:: Recorded data
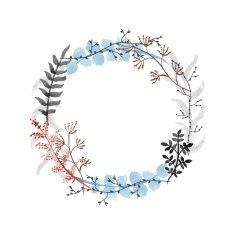 hand drawn floral wreath N12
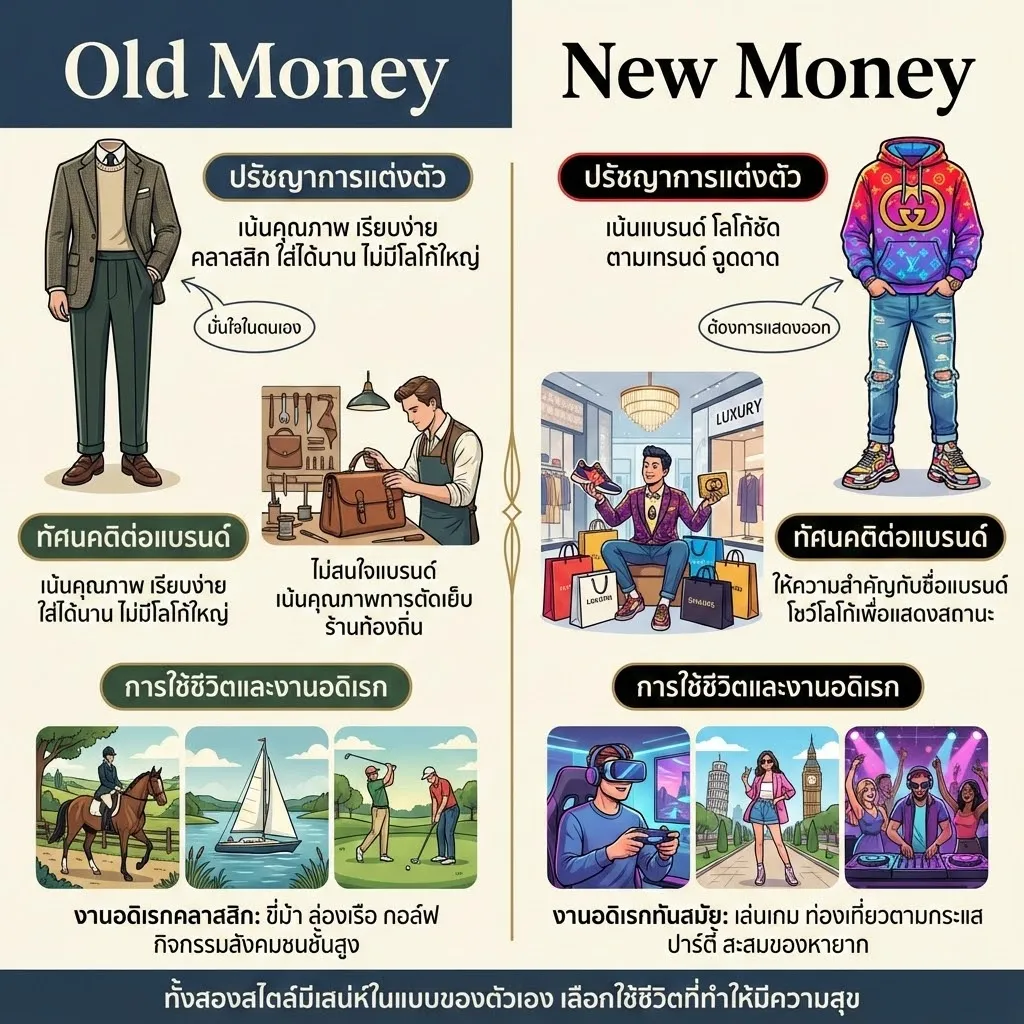 ความแตกต่างระหว่าง Old Money และ New Money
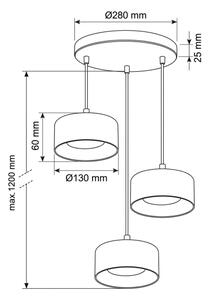 Brilagi - Lustru LED suspendat pe cablu AURA LUX 3xGX53/13W/230V negru/auriu
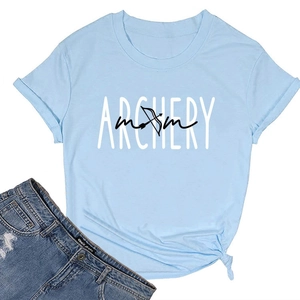 Detail of light blue archery mom T-shirt with bow icon and stylish side knot detail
::::
*To do:*
Transcribe the span of lines that runs from the line with "ความแตกต่างระหว่าง Old Money และ New Money" to the end of the data, both ends included, exactly, with nothing else and no pictures.

*Answer below:*
 ความแตกต่างระหว่าง Old Money และ New Money
 Brilagi - Lustru LED suspendat pe cablu AURA LUX 3xGX53/13W/230V negru/auriu
 Detail of light blue archery mom T-shirt with bow icon and stylish side knot detail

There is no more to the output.